(Beginning of Data provided)

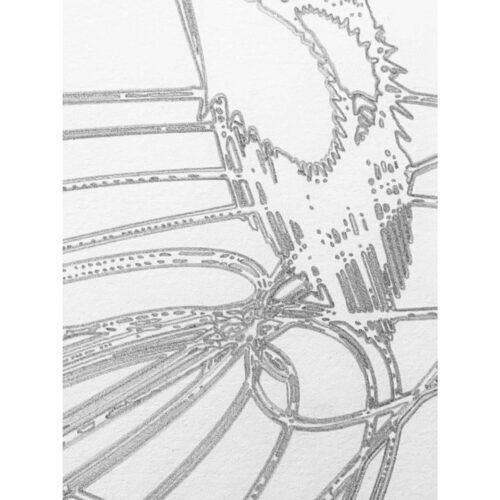 Colin Goldberg, Biomorphic Drawing 001, 2021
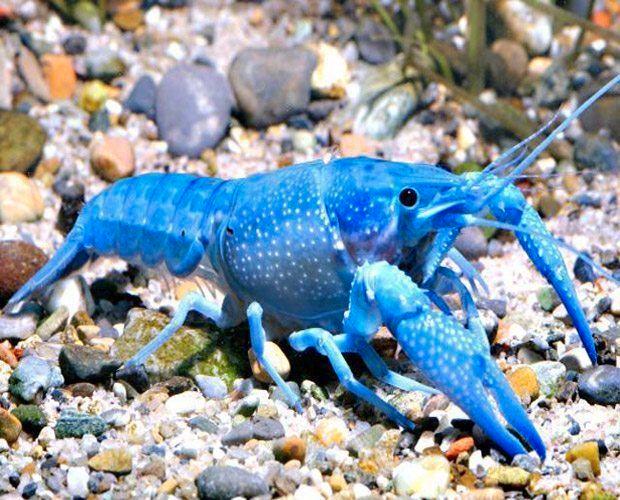 Kreeft Cherax quadricarinatus Super blue - Koidream Valburg, Dieren en Toebehoren, Vissen | Aquariumvissen, Zoetwatervis, Vis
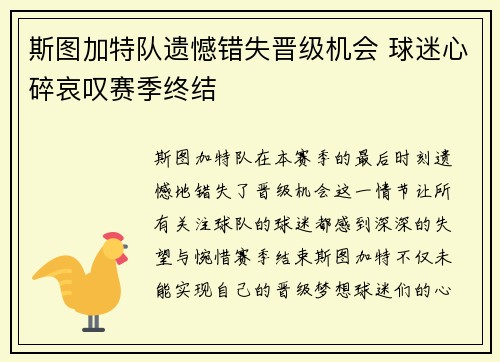 斯图加特队遗憾错失晋级机会 球迷心碎哀叹赛季终结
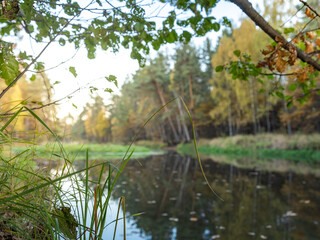 River with a tree in the background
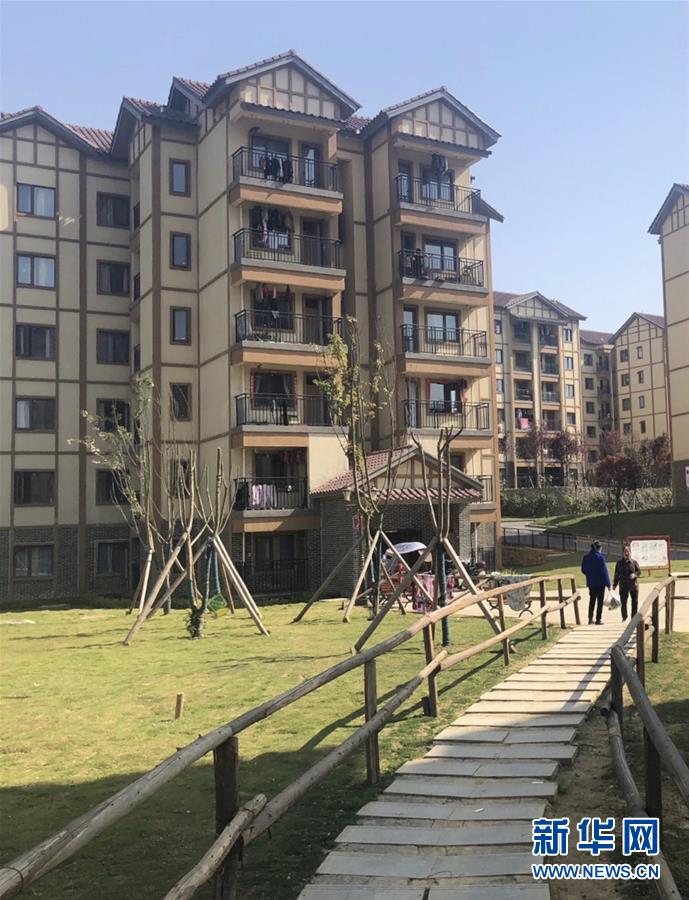 (图文互动)(2)柏杨林的“样板间”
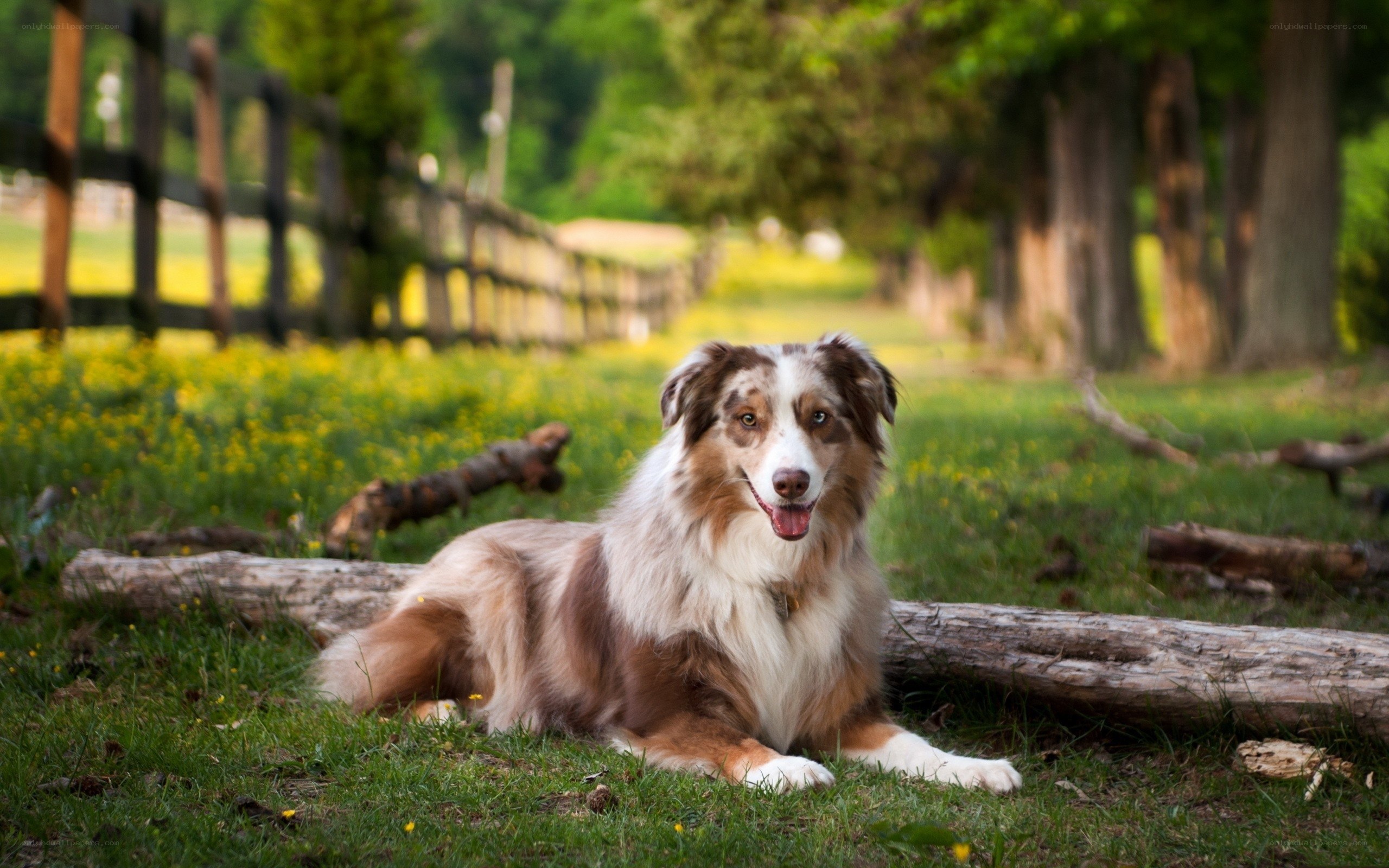 Australian Shepherd in a field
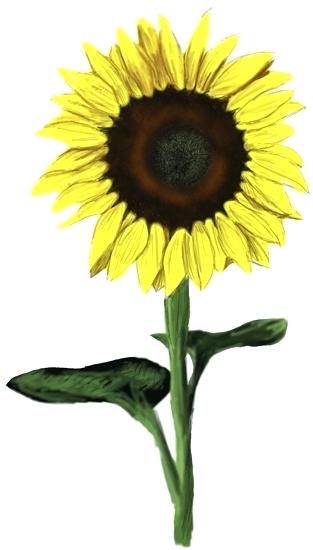 313x550 sunflower drawing for kids how to draw a sunflower video step - Sunflower Drawing For Kid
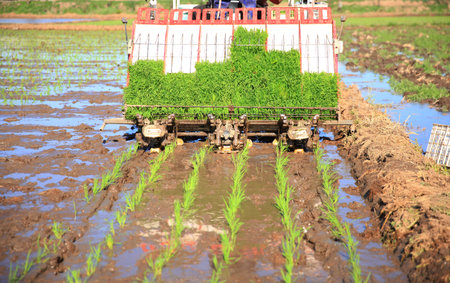 Farmers planting rice in field by using rice planting machine, rice planting by rice transplanter,の写真素材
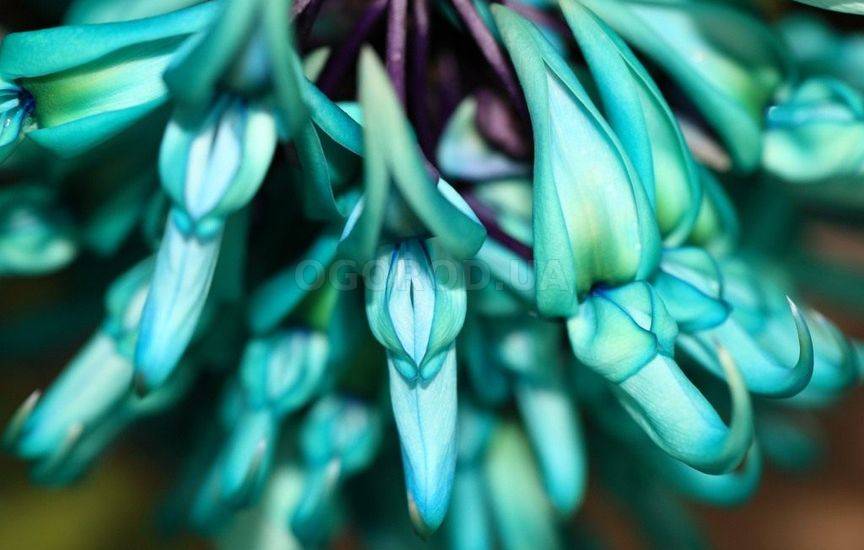 Топ 10 невероятно редких цветов в мире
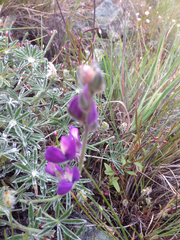 Lupinus albifrons collinus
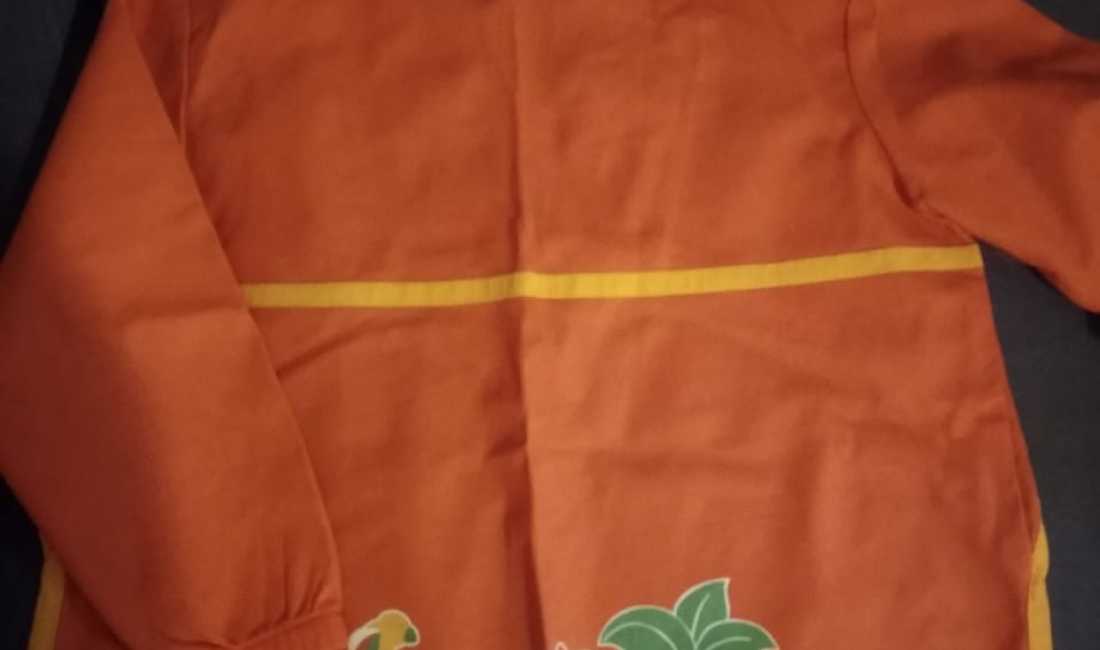 Shitet paint protector per femije.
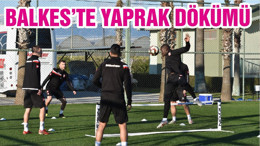 BALKES’TE YAPRAK DÖKÜMÜ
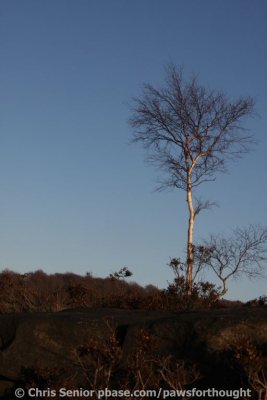 CS_0125.JPG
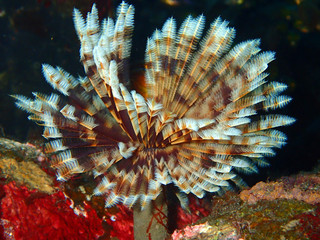 Sabella spallanzanii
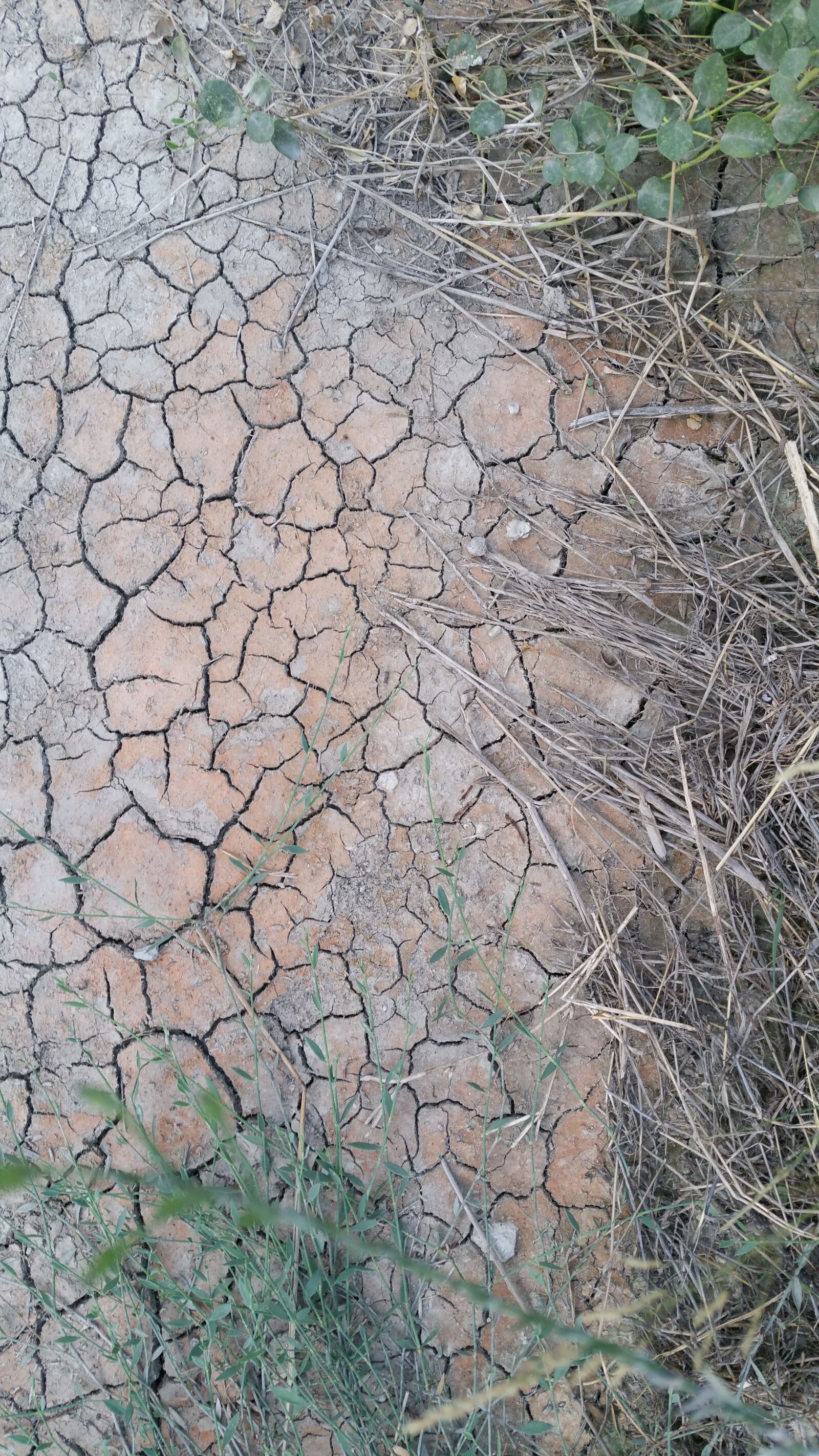 Samsung Galaxy S5 LTE-A sample photo. Ground, dryness, drought photography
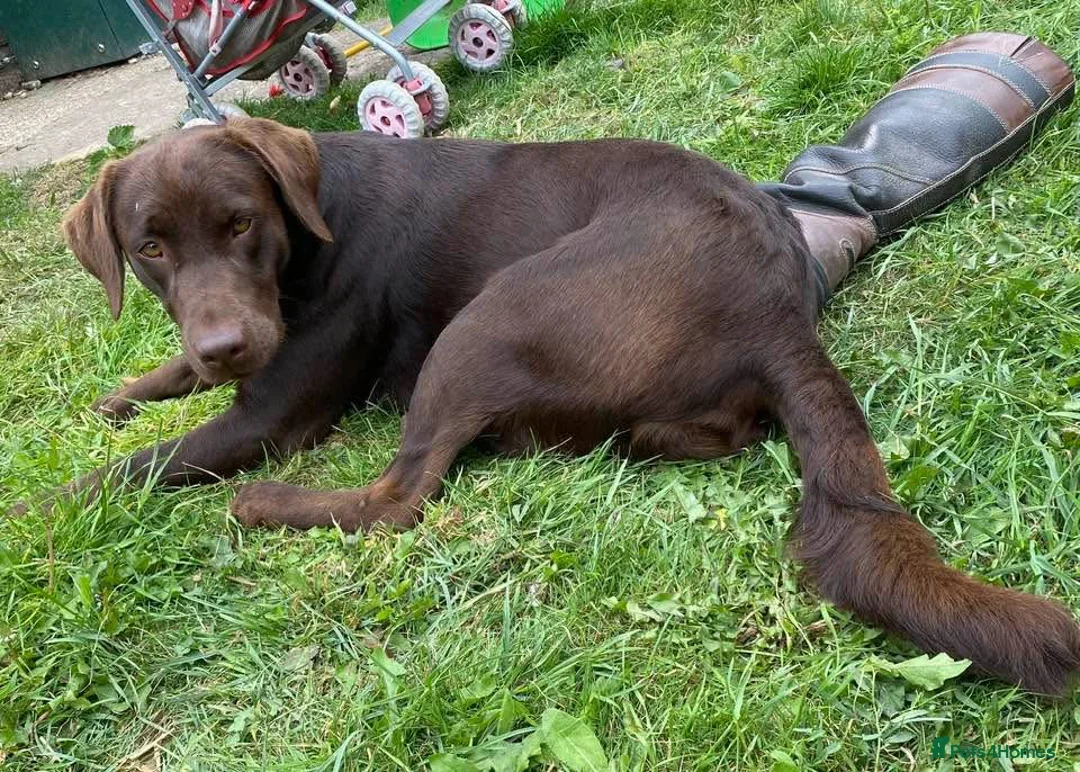 Labrador Retriever dogs for sale: 5 year old chocolate Labrador bitch  - Advert 2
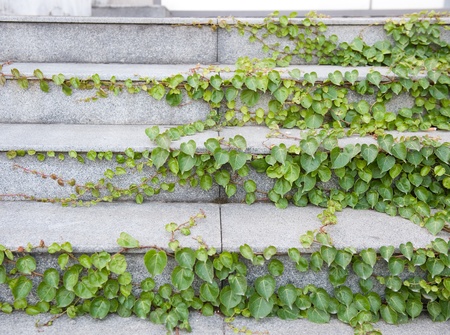 Stone stair path through plants.の写真素材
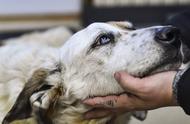 狗狗失明后，如何帮助它重新适应环境？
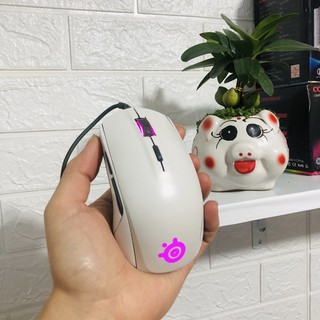 Chuột SteelSeries Rival 110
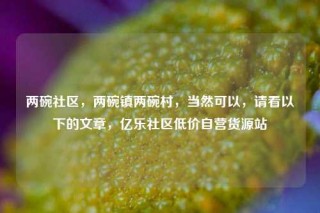 两碗社区，两碗镇两碗村，当然可以，请看以下的文章，亿乐社区低价自营货源站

(End of Data provided)

Work item
The answer must match the entries above line for line, with the pictures dropped.

Exercise output
 Colin Goldberg, Biomorphic Drawing 001, 2021
 Kreeft Cherax quadricarinatus Super blue - Koidream Valburg, Dieren en Toebehoren, Vissen | Aquariumvissen, Zoetwatervis, Vis
 斯图加特队遗憾错失晋级机会 球迷心碎哀叹赛季终结
 River with a tree in the background
 (图文互动)(2)柏杨林的“样板间”
 Australian Shepherd in a field
 313x550 sunflower drawing for kids how to draw a sunflower video step - Sunflower Drawing For Kid
 Farmers planting rice in field by using rice planting machine, rice planting by rice transplanter,の写真素材
 Топ 10 невероятно редких цветов в мире
 Lupinus albifrons collinus
 Shitet paint protector per femije.
 BALKES’TE YAPRAK DÖKÜMÜ
 CS_0125.JPG
 Sabella spallanzanii
 Samsung Galaxy S5 LTE-A sample photo. Ground, dryness, drought photography
 Labrador Retriever dogs for sale: 5 year old chocolate Labrador bitch  - Advert 2
 Stone stair path through plants.の写真素材
 狗狗失明后，如何帮助它重新适应环境？
 Chuột SteelSeries Rival 110
 两碗社区，两碗镇两碗村，当然可以，请看以下的文章，亿乐社区低价自营货源站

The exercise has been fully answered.